▶ [DATASET ENTRIES]:

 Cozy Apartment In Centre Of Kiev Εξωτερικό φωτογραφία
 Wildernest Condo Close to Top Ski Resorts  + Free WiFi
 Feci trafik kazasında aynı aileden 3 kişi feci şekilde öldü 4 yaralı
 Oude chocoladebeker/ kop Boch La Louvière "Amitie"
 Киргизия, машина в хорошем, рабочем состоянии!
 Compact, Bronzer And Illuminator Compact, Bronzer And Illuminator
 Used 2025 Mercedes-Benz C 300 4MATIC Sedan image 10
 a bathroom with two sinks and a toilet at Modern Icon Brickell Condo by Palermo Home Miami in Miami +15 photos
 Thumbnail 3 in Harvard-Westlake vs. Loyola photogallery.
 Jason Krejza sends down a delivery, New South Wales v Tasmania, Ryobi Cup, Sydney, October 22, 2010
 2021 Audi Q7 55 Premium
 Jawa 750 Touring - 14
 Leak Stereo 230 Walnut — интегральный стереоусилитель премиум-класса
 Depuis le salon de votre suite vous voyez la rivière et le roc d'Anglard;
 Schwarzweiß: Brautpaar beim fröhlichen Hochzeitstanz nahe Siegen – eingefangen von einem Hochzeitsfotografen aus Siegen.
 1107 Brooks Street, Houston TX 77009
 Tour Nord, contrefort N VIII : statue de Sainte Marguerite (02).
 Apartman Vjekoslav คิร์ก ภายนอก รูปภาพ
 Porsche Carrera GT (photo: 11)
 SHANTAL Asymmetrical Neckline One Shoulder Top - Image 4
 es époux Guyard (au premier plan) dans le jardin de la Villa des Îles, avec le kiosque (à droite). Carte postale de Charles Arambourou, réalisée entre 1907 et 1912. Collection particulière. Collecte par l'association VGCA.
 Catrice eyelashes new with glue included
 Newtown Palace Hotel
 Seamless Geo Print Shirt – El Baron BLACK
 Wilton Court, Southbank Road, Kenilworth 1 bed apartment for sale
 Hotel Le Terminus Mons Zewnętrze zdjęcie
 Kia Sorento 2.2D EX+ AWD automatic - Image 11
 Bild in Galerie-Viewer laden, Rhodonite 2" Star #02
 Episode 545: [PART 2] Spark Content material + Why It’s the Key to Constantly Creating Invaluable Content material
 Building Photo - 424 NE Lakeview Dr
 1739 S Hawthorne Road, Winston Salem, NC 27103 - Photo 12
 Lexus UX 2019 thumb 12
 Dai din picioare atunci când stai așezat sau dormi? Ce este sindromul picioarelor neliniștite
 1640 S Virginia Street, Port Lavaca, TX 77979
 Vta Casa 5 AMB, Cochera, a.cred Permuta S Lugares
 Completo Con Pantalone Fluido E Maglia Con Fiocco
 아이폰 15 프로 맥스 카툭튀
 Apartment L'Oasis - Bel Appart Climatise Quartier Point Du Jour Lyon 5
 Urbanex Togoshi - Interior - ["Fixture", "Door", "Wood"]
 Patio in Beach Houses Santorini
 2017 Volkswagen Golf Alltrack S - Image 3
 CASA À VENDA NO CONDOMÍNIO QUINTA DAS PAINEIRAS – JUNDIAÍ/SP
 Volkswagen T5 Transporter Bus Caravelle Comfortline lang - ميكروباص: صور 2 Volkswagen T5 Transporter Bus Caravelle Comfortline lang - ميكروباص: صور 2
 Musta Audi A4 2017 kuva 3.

▶ [BRIEF]: For the records above, state how many lines contain the string "Volkswagen", with no added text.

▶ [SOLVED PROBLEM]: 2